Karena, jabatan profesor di perguruan tinggi lebih terhormat dan penghasilannya
meningkat. Keadaan ini berbeda dengan situasi perguruan tinggi di Indonesia.
Bila seorang profesor diminta menjadi direktur salah satu industri atau
instansi, jabatan di perguruan tingginya akan ditinggalkan. Karena, penghasilan
profesor di perguruan tinggi Indonesia rendah.
Dengan
biaya kuliah yang tinggi, perguruan tinggi diharapkan akan menghasilkan riset
dan ilmu yang sepadan. Menurut saya, tidak semua pemuda harus kuliah di
perguruan tinggi bila kemampuan berpikirnya tidak cukup baik.

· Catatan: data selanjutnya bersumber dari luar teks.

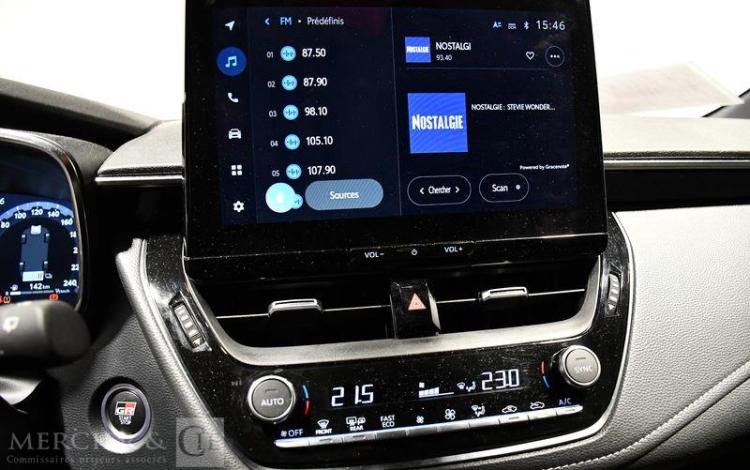 TOYOTA COROLLA BLANC GR-098-RD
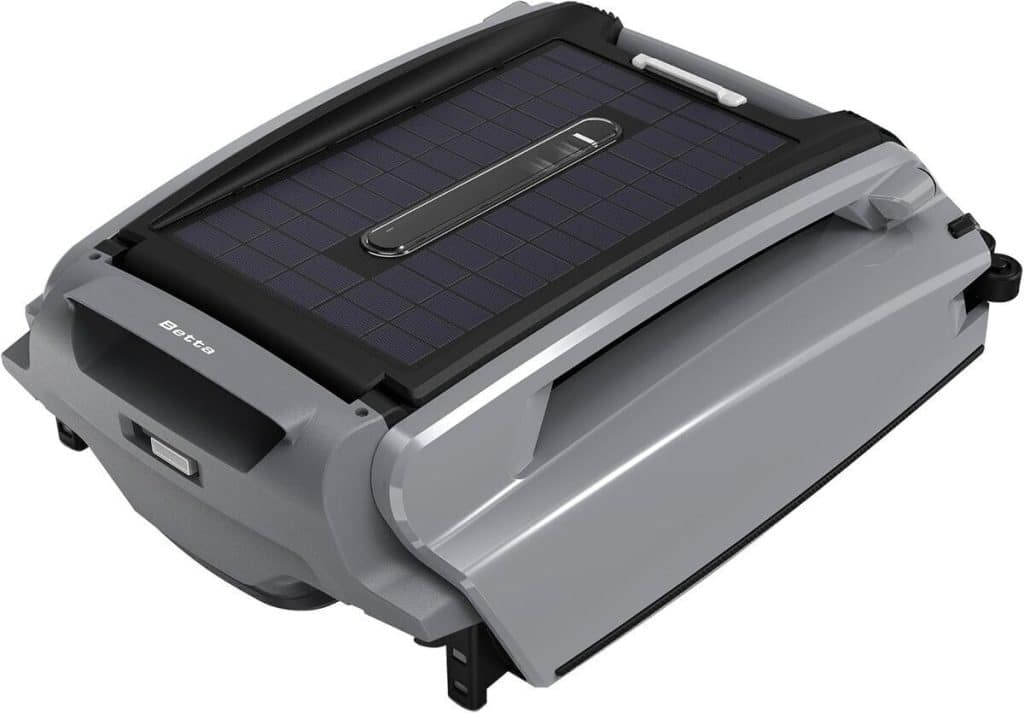 Test : betta SE Plus - écumeur solaire pour piscine longue autonomie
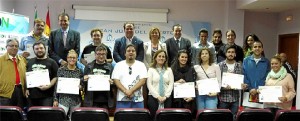 Los alumnos asistentes al curso recogieron sus diplomas.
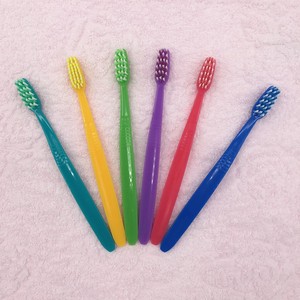 A buon mercato monouso Pre-pasta spazzolino da denti di vendita calda Pre-pasta spazzolino da viaggio dentifricio - Product Image 4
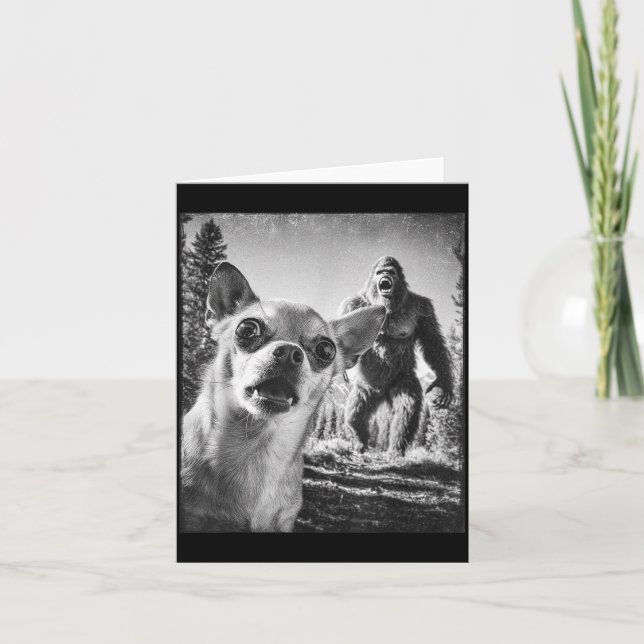 Tarjeta Funny Chihuahua Selfie With Bigfoot Sasquatch Cryp (Anverso)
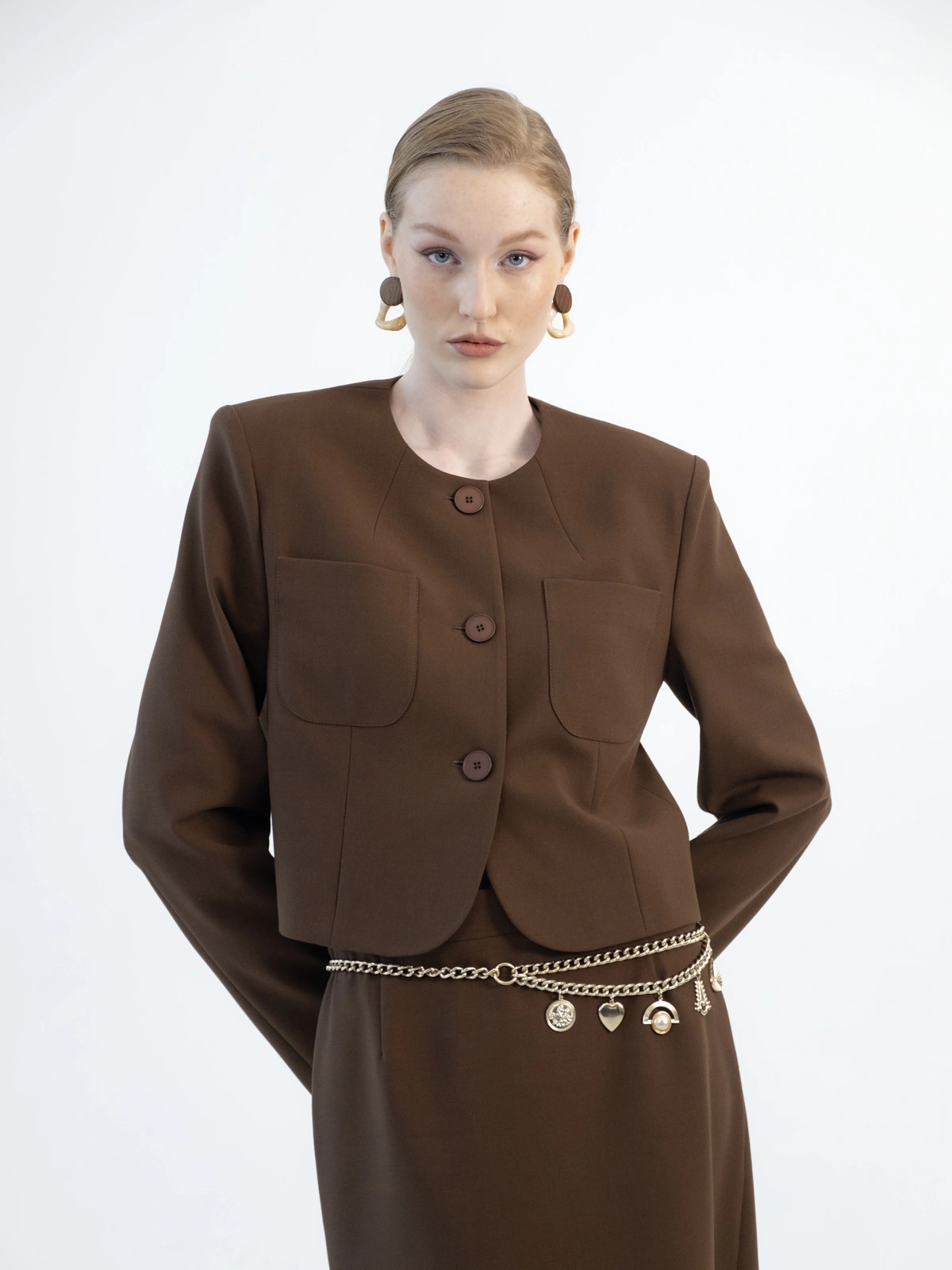 Укороченный жакет в кофейном оттенке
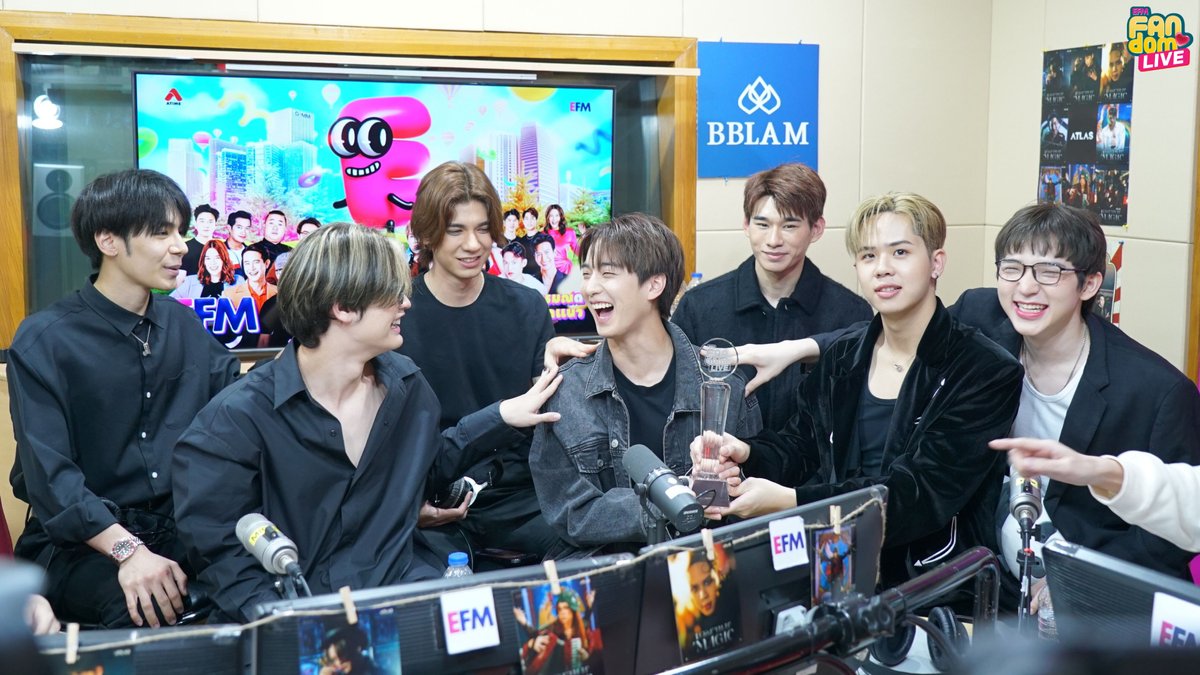 ATLASofficialTH's tweet image. ขอบคุณทางรายการ #EFMFANDOMLIVE มากๆนะครับที่ต้อนรับพวกเรา ATLAS อย่างสนุกสนาน พร้อมกับรางวัล  &quot;EFM FANDOM AWARD รางวัลพิเศษ เพื่อคนพิเศษ&quot; ในสาขา &apos;หลวงพี่ทั้ง7&apos;

และสุดท้ายของฝากเพลง &quot;I Got That Magic&quot; ไว้ด้วยนะครับทุกคน 😍

#ATLASIGotThatMagic
#ATLASxEFMFANDOMLIVE 
#ATLAS_th…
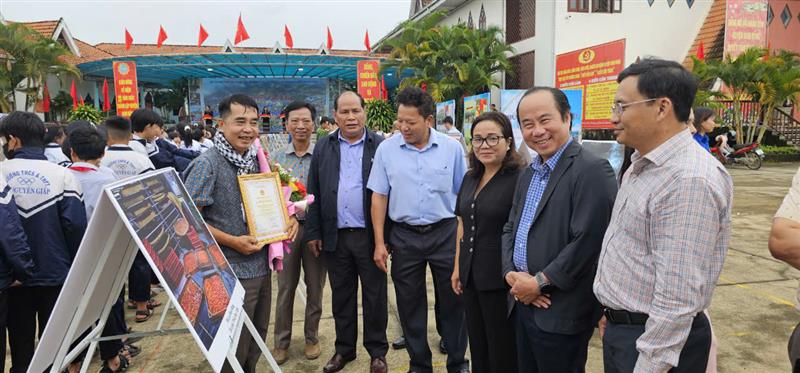 Các đại biểu tham quan triển lãm ảnh Đam Rông tuổi 20.jpg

Lebih baik mereka
masuk akademi yang mengajarkan ilmu terapan, profesi dan kompetensi yang amat
dibutuhkan oleh masyarakat.
Sebetulnya,
yang dibutuhkan masyarakat adalah ilmu dari seseorang yang dapat disumbangkan,
bukan suatu gelar yang menempel pada namanya, tetapi tidak dapat dimanfaatkan
masyarakat. Janganlah membanggakan diri dengan gelar yang dijualbelikan seperti
pernah disinyalir Direktorat Jenderal Pendidikan Tinggi. Semoga masyarakat
tidak silau melihat beberapa gelar yang dipajang di sekitar nama seseorang.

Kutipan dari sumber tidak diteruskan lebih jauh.